It's been a while. And I'm digging into Machine Learning.
I was watching the excellent video by Andrej Karpathy about how to write a GPT (of which GPT-3 is an example) from scratch, using the paper "Attention is all you need"
I implemented it from scratch while watching the video, and also refactored and added some features to make it better.
My code is located here:
What's this do?
- Generates fake Shakespearean text (could be trained on any text by replacing the training data)
FRIAR THUM:
Northum, my father: if detering
Come with my replies, tribunes. Come, title,
It by please now.
TYBALT:
Why, the should I do you gow not in this state,
For esignation to fear any oils?
My hand must we this likely demest for unvy's houses,
Wars 'govern all our erested vains of restre:
Let's tender out and content thousand for me:
That I will wish through the that I meet,
Unless the kingly country, perfection
And those grim our stone. Here any mist noble gague.
CLARENCE:
A sail what
- I added anaconda environment so it's reproducible.
conda env create
conda activate gpt
- It uses DirectML so it works in Windows or WSL with any video card (tested on AMD Radeon) It can be easily adapted to run in Linux, using Cuda or ROCm.
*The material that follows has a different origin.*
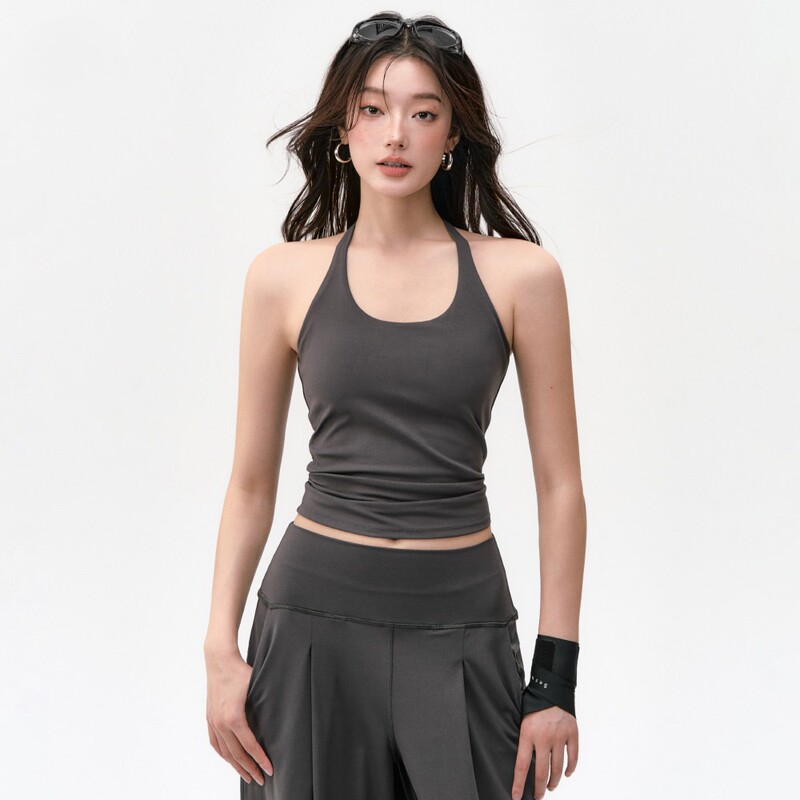 Women's sports bra with chest pads, halter neck yoga tank top, backless camisole, Pilates training wear, fitness top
dml = torch_directml.device()
torch.device(dml)
...
data = torch.tensor(encode(text), dtype=torch.long, device=dml)
- It uses config.ini for the hyper parameters so you can modify them without changing the code.
import configparser
config = configparser.ConfigParser()
config.read('config.ini')
default = config['DEFAULT']
config.batch_size = int(default['batch_size'])
config.block_size = int(default['block_size'])
config.max_iters = int(default['max_iters'])
config.eval_interval = int(default['eval_interval'])
config.learning_rate = float(default['learning_rate'])
config.eval_iters = int(default['eval_iters'])
config.n_embd = int(default['n_embd'])
config.n_head = int(default['n_head'])
config.n_layer = int(default['n_layer'])
config.dropout = float(default['dropout'])
with open('input.txt', 'r', encoding='utf8') as f:
config.chars = sorted(list(set(f.read())))
config.vocab_size = len(config.chars)
Split into "generate.py" vs "train.py", and abstracted the model
"train.py" also saves the model to a file when finished generating, and "generate.py" loads the model from the file.
torch.save(blm.state_dict(), 'model.pt')
blm = BigramLanguageModel().to(dml)
blm.load_state_dict(torch.load('model.pt', map_location=dml))
Implementing this from scratch, based on only watching a video and no copy-pasting, is an excellent way to become familiar with the concepts of training a large language model and working with your hardware limitations, as well as hyperparameter tuning. I highly recommend this exercise.